Les idoles, c'est Chandra Grangean et Lisa Messina, collectif à elles deux, fondé en 2020 à la suite de leurs études au CNSMD de Lyon, partie prenante de la plateforme artistique la Feat, un réseau d'artistes et de collectifs qui développe des projets croisant danse, performance, musique et arts visuels.
STRIP c'est d'abord un balancement. Le balancement d'un corps non pas bicéphale mais quincéphale, si l'on peut dire. Un balancement de corps sans visage, comme l'héroïne du film Les Yeux sans visage de Georges Franju qui viendrait croiser celle du film Titane de Julia Ducournau. Avec leurs perruques aux cheveux longs ou hirsutes, leurs visages plastifiés, leurs yeux clos de bouts de sparadrap, leur peau à la texture mastic reproduits à l'identique sur des visages absents, les interprètes s'installent dans un dispositif bi-frontal que les présences zombies vont honorer tour à tour.

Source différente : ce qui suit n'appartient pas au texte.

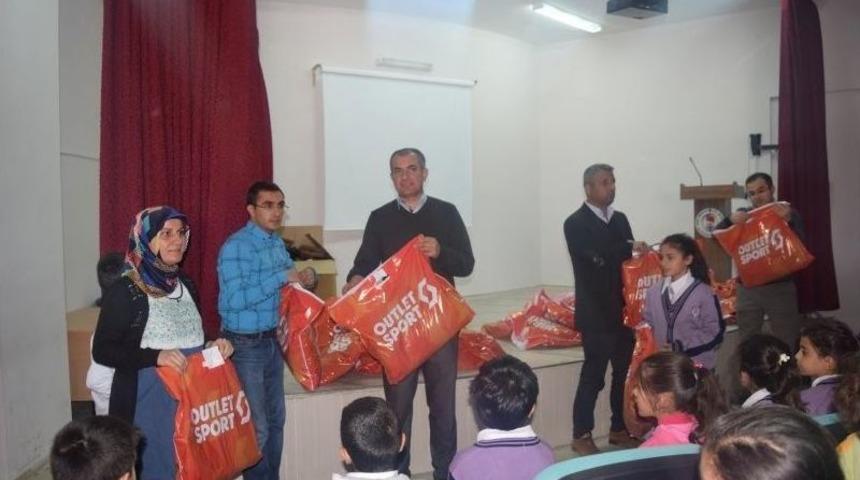 İlkokul &Ouml;ğrencilerine Mont Yardımı Yapıldı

Balancement musical une heure durant également avec l'autrice aux platines parée tout autant de masque et perruque. Elle nous délivre des bruitages aquatiques, des plages musicales mouvantes, enveloppantes et changeantes au gré de ses transformations accompagnant celles de ses complices au plateau, augmentés des sons et frottements produits par les matières manipulées en direct.

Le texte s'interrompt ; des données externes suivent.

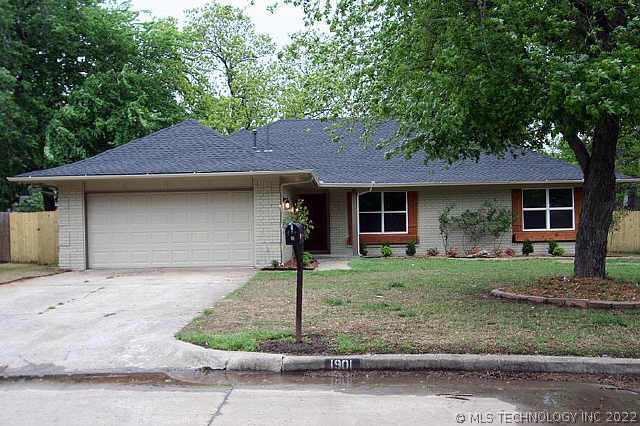 1901 W Memphis Street Property Photo 1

Petit à petit, la masse organique oscillante détache par bouts les artefacts des paupières, des joues, des nuques et des fronts, transforme le visage en arête rouge ou y creuse un trou vermillon béant. Chaque micro-geste disruptif sur le visage ou le corps du voisin se prolonge d'une micro-intrusion sur le corps le plus proche, et ainsi de suite et par effet de cascade, transforme le corps collectif. Sous l'effet d'un véritable jeu de morphing à vue, l'identité individuelle aussi bien que collective se trouble.
Puis, petit à petit les corps se désynchronisent, le rythme s'accélère, les mains telles des ventouses avides bousculent les chignons formant comme des visages grotesques, agitent les perruques sous les costumes, arrachent les lambeaux de vestes sous lesquelles se nichent des réserves de matières plastiques prêtes à réemploi. Les mains déforment les visages qui se gonflent ou se creusent, asphyxiés sous les sacs plastiques que régurgitent les bouches.
Dans ce laboratoire cyberno-punk d'un corps bionique, les contacts peau à peau de matières artificielles invasives non dégradables interrogent le processus de mutation d'une présence commune qui semble s'échapper.
Jusqu'au bout d'un balancement lent et lancinant, l'hydre transformée n'en démord pas et, une fois les visages-opercules nus retrouvés et les perruques retroussées, le mouvement ralentit, les bras s'enchaînent, les yeux se referment pour retrouver, sans fard, une expression et un habitus aussi inexpressifs et absents qu'au début.